Bedrohungen im Internet – Drachenlord
Bedrohungen im Internet nehmen ungeahnte Ausmaße an. An einem Mittwoch im Oktober 2021 geht ein Foto um die Welt. Es zeigt einen korpulenten Mann namens Rainer Winklarson, der mit Pfeil und Bogen auf ein Garagentor schießt.
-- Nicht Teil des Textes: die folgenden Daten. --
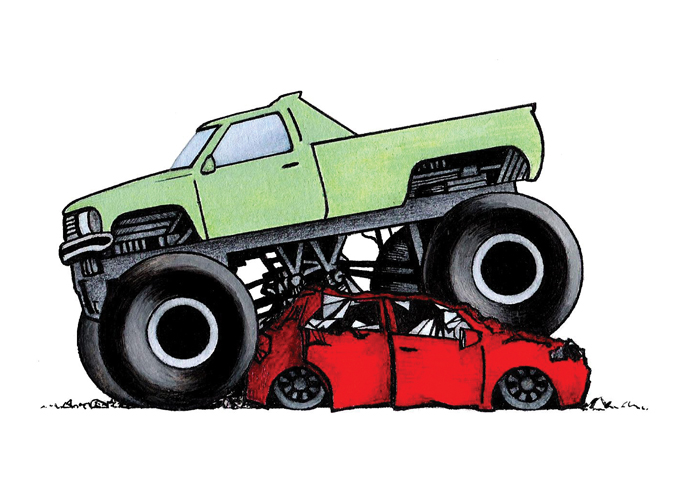 Who needs a 4×4 for a supermarket trip? John Sadler cartoon - car size matters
Das sei der Attentäter von Kongsberg in Norwegen, bei dem am selben Tag fünf Menschen den Tod gefunden haben, heißt es im Bildkommentar. Dabei gibt es allerdings ein Problem: Rainer Winklarson existiert nicht, hat nie existiert.
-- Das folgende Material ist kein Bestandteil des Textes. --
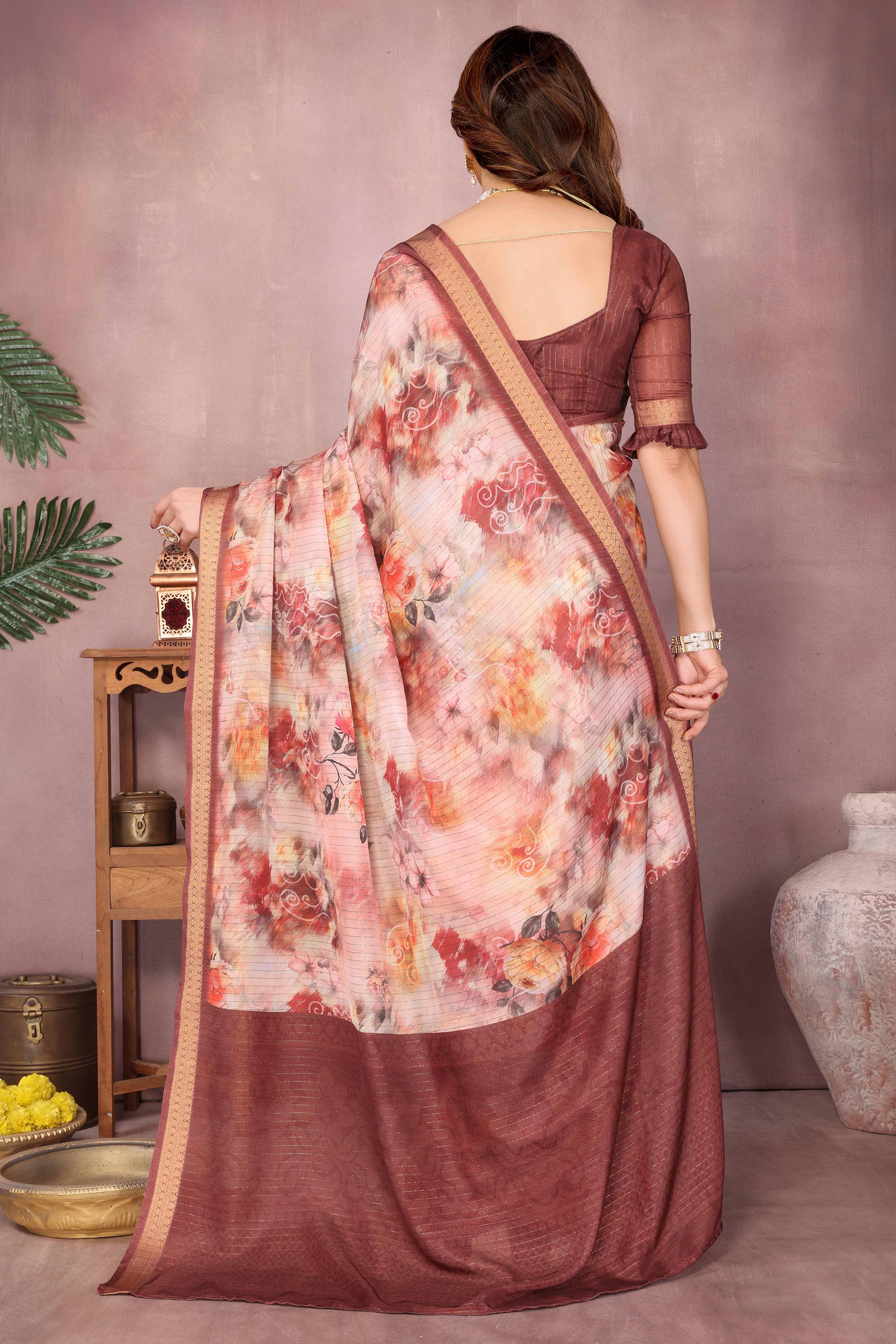 Peach Zari Woven Saree with Floral Motifs in Cotton Blend Fabric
In Wirklichkeit zeigt das Bild den YouTuber Rainer Winkler, besser bekannt als Drachenlord. Winkler betreibt auf YouTube einen Kanal, der eine wirre Mischung aus Let’s Play-Videos, Headbanging, Impressionen aus dem Alltag des 32-jährigen Mittelfranken und wilde Hassbotschaften ausstreut.
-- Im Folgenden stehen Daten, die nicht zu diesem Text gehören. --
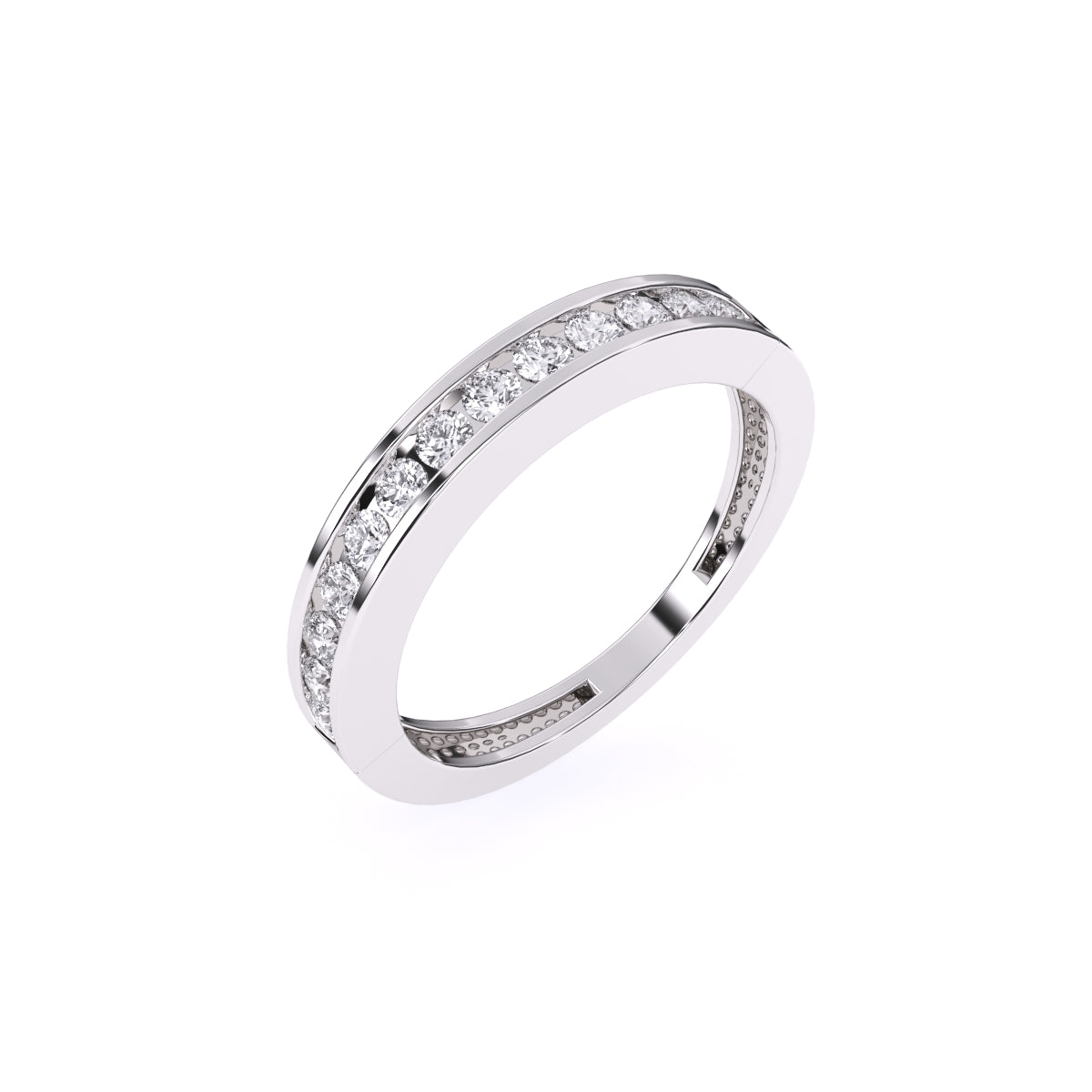 Channel Set Round Diamond Half Eternity Band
Rainer Winkler ist nicht das, was man ein positives Vorbild nennen könnte. Der Drachenlord äußert sich sexistisch, rassistisch und liebt es, seine Follower zu beschimpfen, nicht selten mit nacktem Oberkörper vor der Kamera. Eines kann man ihm allerdings nicht anlasten: das Attentat von Kongsberg. Der tatsächlich festgenommene Verdächtige ist Däne und heißt Espen Andersen B. Winklarson ist nur eine frei erfundene Abwandlung des Nachnamens Winkler, damit er skandinavisch klingt.
Bedrohungen im Internet sind oft ein reflektiver Prozess
Es folgt einer unheilvollen Logik, dass der Hassprediger von seiner nicht minder hasserfüllten Anhängerschaft zum Aushängeschild für Attentate des Formats von Kongsberg gemacht wird. Beunruhigend ist dabei, dass selbst anerkannte Medien überall auf der Welt die Nachricht unreflektiert und ungeprüft übernahmen. Noch über Monate galt der Drachenlord als Kongsberger Attentäter.
“Der Fall Winkler ist eine Zuspitzung, die die entfesselte Hasskultur im Internet sichtbar macht”, sagt Cybermobbing-Experte Christian Scherg dazu in einem Artikel in der FAZ. Dass die Troll-Armeen vor nichts mehr zurückschrecken, wie es in dem Artikel heißt, geht vielfach auf alle Beteiligten zurück.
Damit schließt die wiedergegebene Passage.